Recent population studies confirm that migraine is extraordinarily common.
According to the American Migraine Prevalence and Prevention Study the cumulative lifetime incidence of migraine is 43% for women and 18% for men in America. This means that nearly half of all women will experience migraine at some point in their lives.
This remarkably common occurrence of migraine suggests that it may involve relatively minor perturbations of normal brain function. However, a migraine attack is a spectacularly complex brain event, and produces a wide array of neurological and systemic symptoms. Headache is typically its most prominent feature, but migraines may include multiple other symptoms that occur before, during, or after the pain. These symptoms include migraine aura with classical visual, and other sensory and language dysfunctions. Other symptoms including mood change, fatigue, yawning, neck stiffness, polyuria, gastrointestinal disturbance, and a variety of visual, somatic sensory, and cognitive phenomena are among the clinical features that may precede, accompany, or follow the headache.

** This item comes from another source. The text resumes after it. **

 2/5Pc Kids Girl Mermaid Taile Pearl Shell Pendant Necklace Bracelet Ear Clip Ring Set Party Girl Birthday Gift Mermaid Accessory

With constant awareness and “premonitoring” symptoms many patients are able to accurately predict the occurrence of a migraine up to days before it begins. The pathophysiological processes underlying a migraine may therefore be occurring well before the headache, which suggests that preventative intervention is likely the best way to treat migraines.
Promising clinical research has suggested that Enzogenol may be able to help in the management of migraines. Please consult your health practitioner to find out if Enzo Professional may be able to help with your migraine problems.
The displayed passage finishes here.